Exercise requirements »
The reply is to be the lines from the one with "portrait flou avec" through the last line of the records below, each retyped exactly, with pictures left out.

Extracted data »
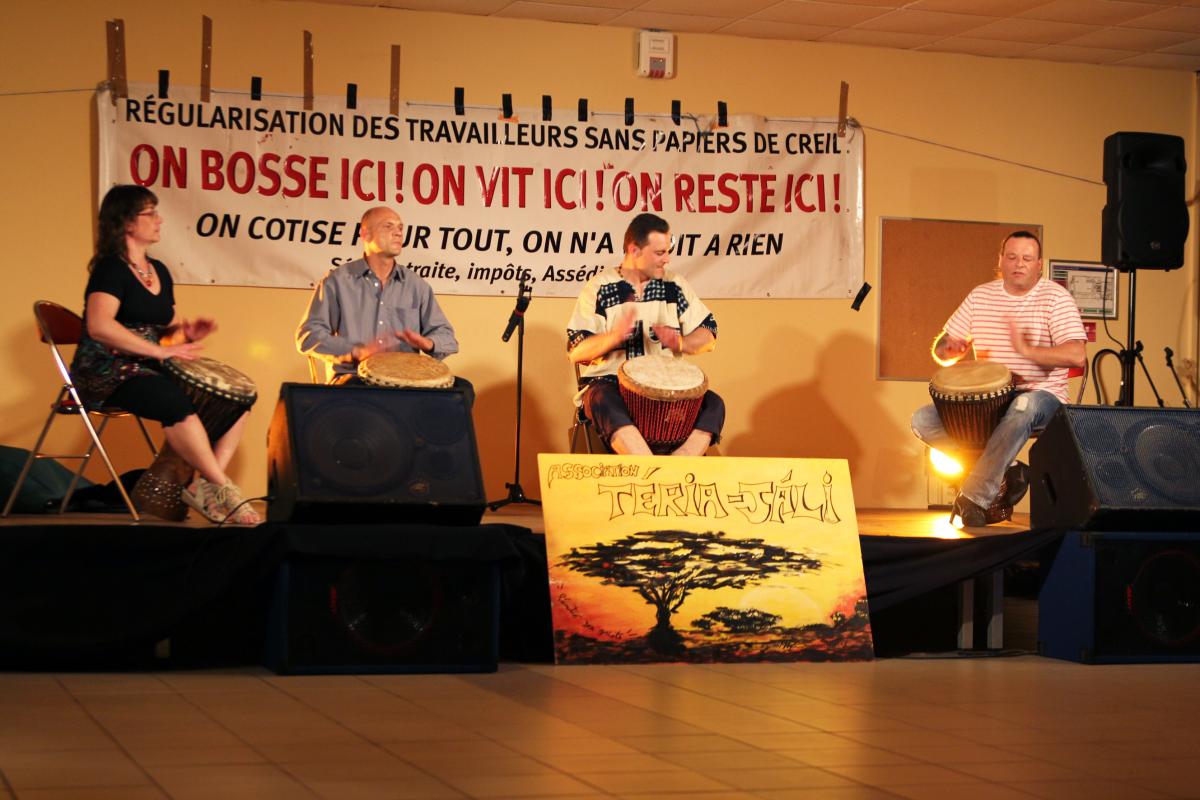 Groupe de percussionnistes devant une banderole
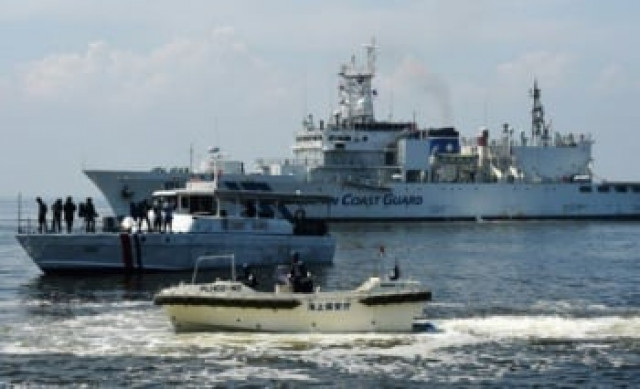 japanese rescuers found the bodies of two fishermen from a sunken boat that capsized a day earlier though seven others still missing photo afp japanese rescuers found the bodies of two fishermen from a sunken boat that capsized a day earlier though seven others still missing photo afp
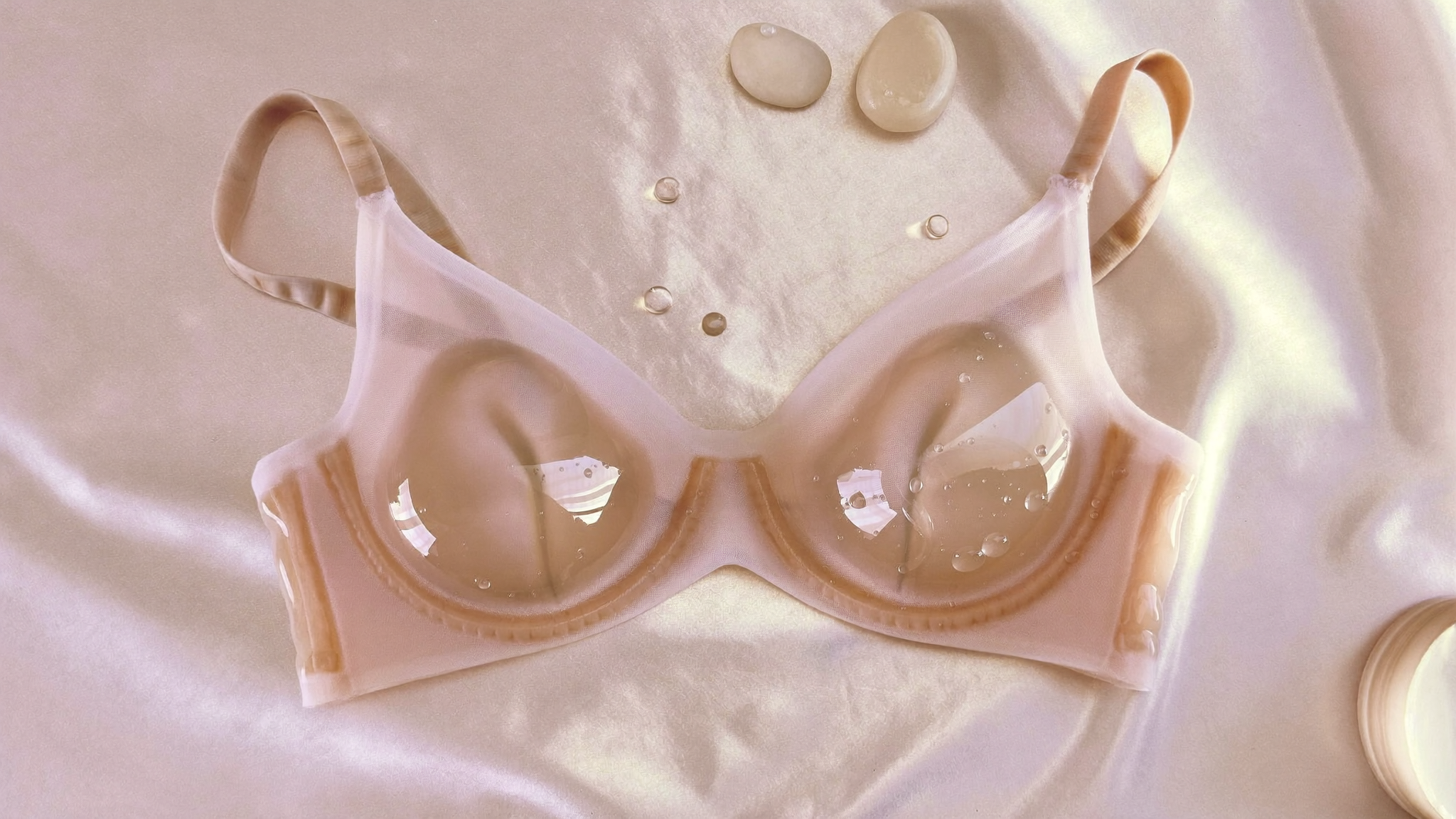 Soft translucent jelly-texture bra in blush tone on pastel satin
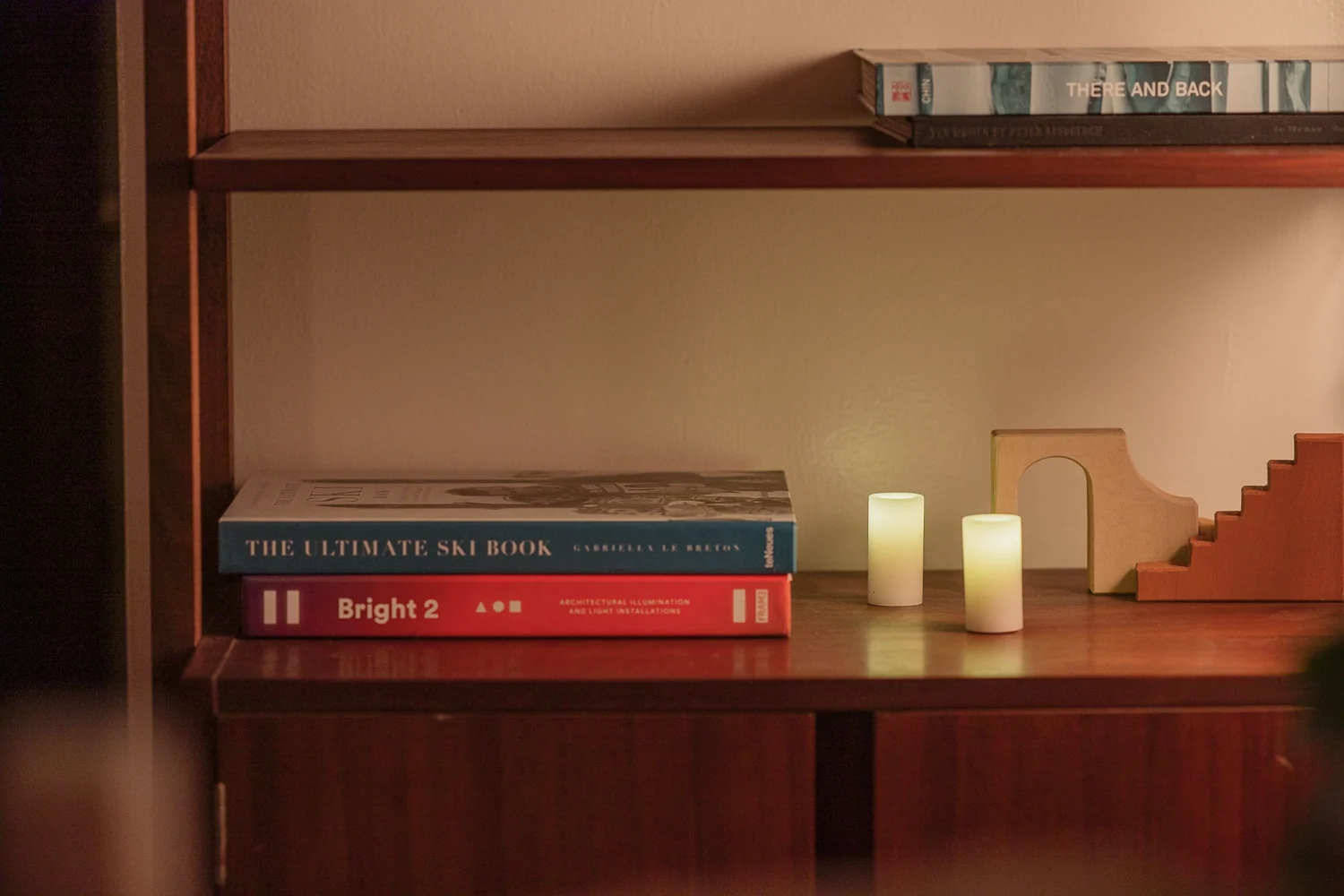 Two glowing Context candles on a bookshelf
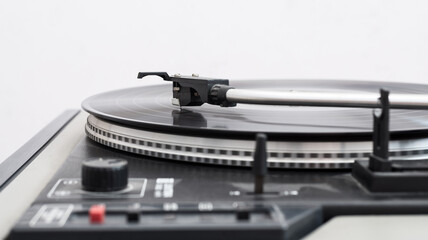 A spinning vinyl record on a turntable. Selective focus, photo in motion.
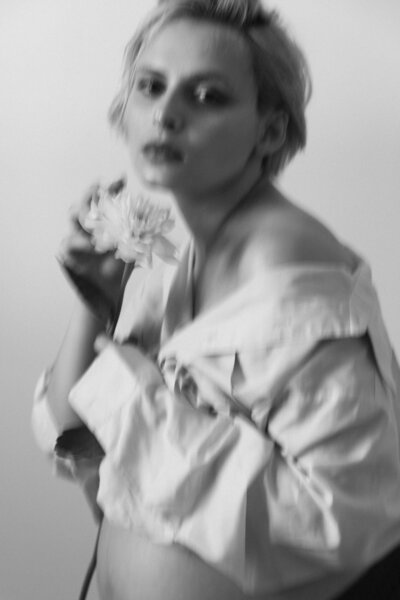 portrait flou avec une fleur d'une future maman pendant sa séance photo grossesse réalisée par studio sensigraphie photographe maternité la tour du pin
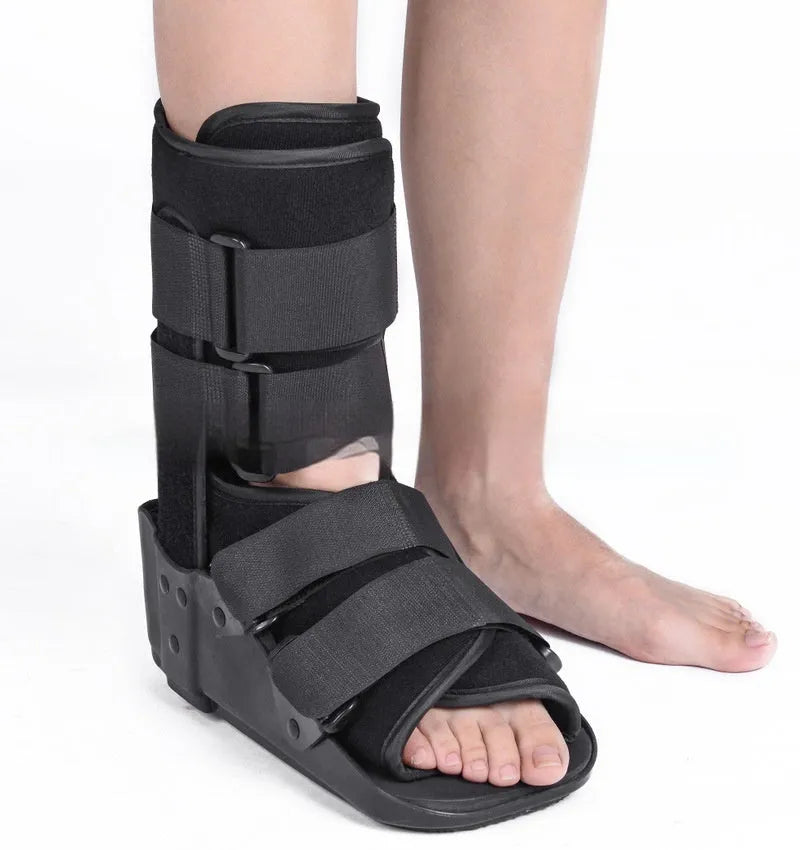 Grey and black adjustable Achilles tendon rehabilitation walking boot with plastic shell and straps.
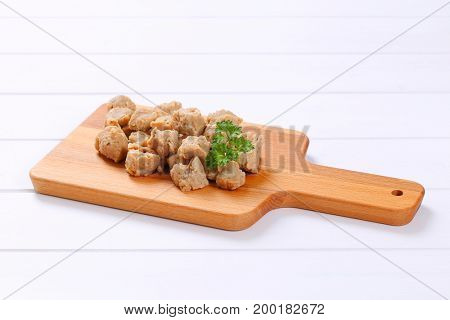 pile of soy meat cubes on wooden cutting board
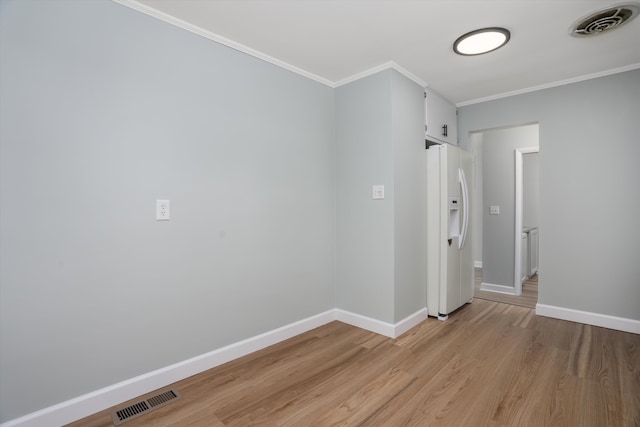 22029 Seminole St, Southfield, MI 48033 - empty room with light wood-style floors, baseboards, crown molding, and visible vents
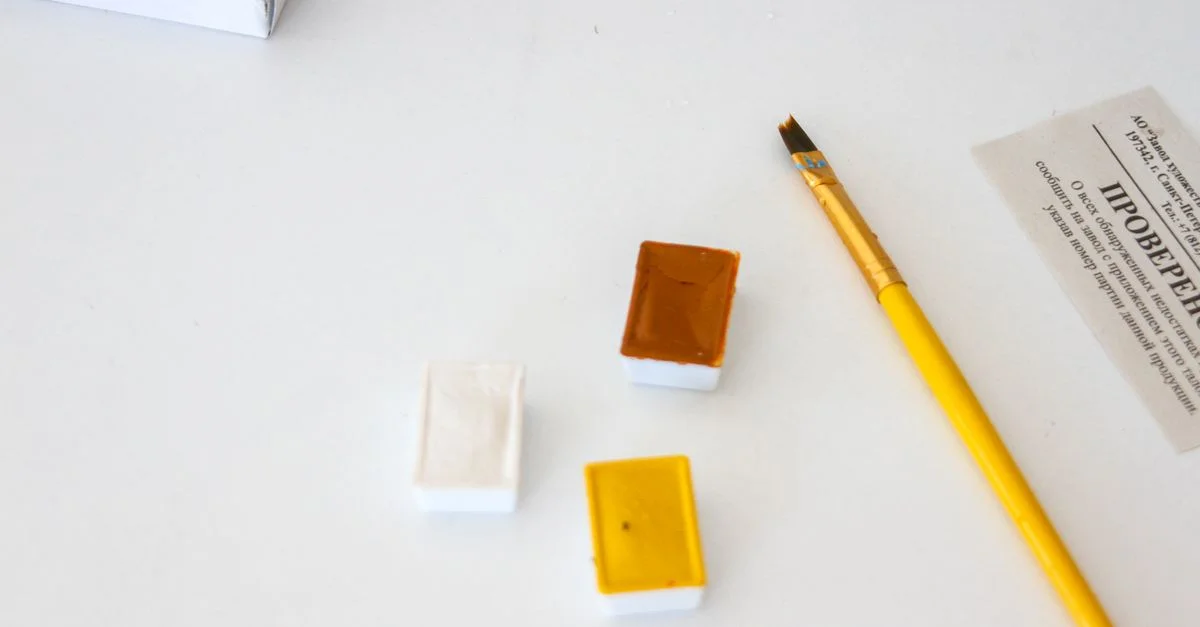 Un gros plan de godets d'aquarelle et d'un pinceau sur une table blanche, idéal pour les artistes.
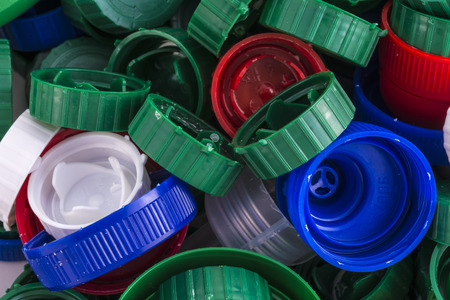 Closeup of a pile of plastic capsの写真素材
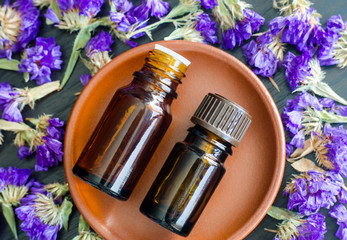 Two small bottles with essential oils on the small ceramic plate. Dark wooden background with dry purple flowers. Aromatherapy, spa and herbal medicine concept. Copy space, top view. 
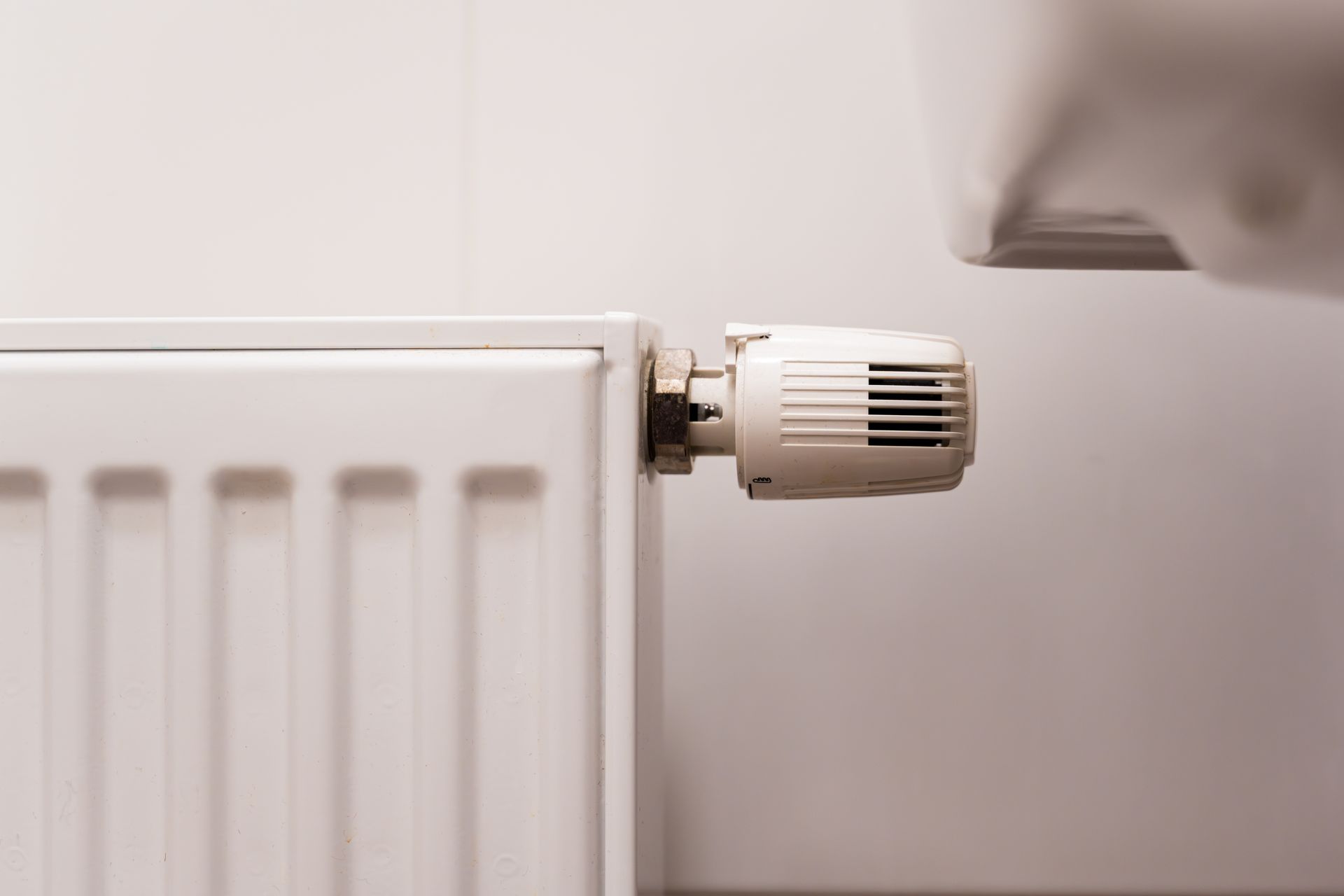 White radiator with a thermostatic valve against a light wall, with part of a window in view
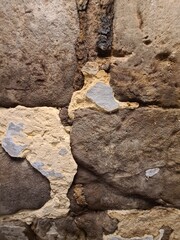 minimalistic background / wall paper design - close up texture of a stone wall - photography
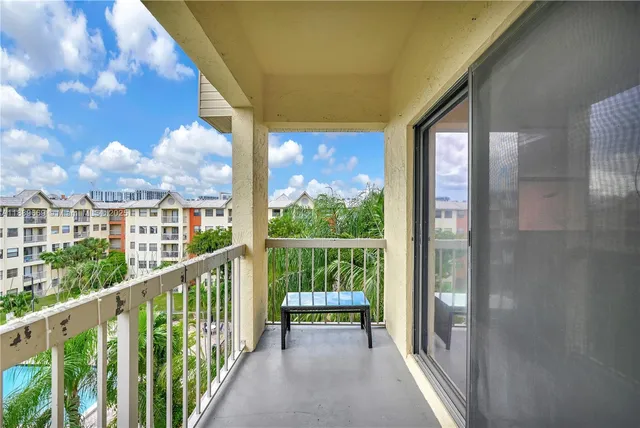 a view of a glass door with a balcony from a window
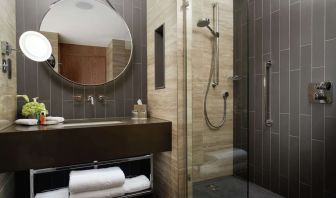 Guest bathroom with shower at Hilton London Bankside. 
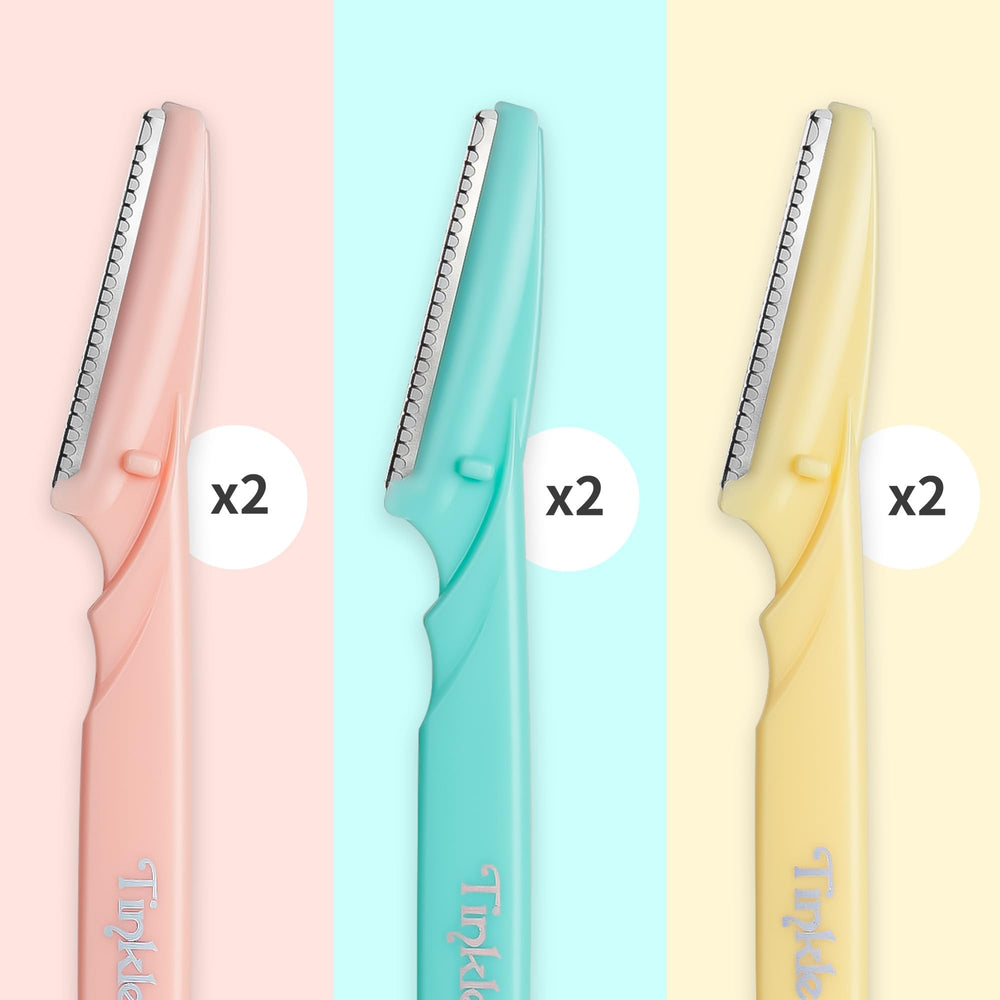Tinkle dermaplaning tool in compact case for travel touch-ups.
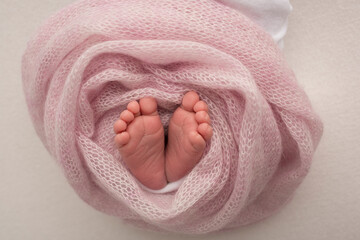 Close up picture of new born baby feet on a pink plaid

Exercise result »
 portrait flou avec une fleur d'une future maman pendant sa séance photo grossesse réalisée par studio sensigraphie photographe maternité la tour du pin
 Grey and black adjustable Achilles tendon rehabilitation walking boot with plastic shell and straps.
 pile of soy meat cubes on wooden cutting board
 22029 Seminole St, Southfield, MI 48033 - empty room with light wood-style floors, baseboards, crown molding, and visible vents
 Un gros plan de godets d'aquarelle et d'un pinceau sur une table blanche, idéal pour les artistes.
 Closeup of a pile of plastic capsの写真素材
 Two small bottles with essential oils on the small ceramic plate. Dark wooden background with dry purple flowers. Aromatherapy, spa and herbal medicine concept. Copy space, top view. 
 White radiator with a thermostatic valve against a light wall, with part of a window in view
 minimalistic background / wall paper design - close up texture of a stone wall - photography
 a view of a glass door with a balcony from a window
 Guest bathroom with shower at Hilton London Bankside. 
Tinkle dermaplaning tool in compact case for travel touch-ups.
 Close up picture of new born baby feet on a pink plaid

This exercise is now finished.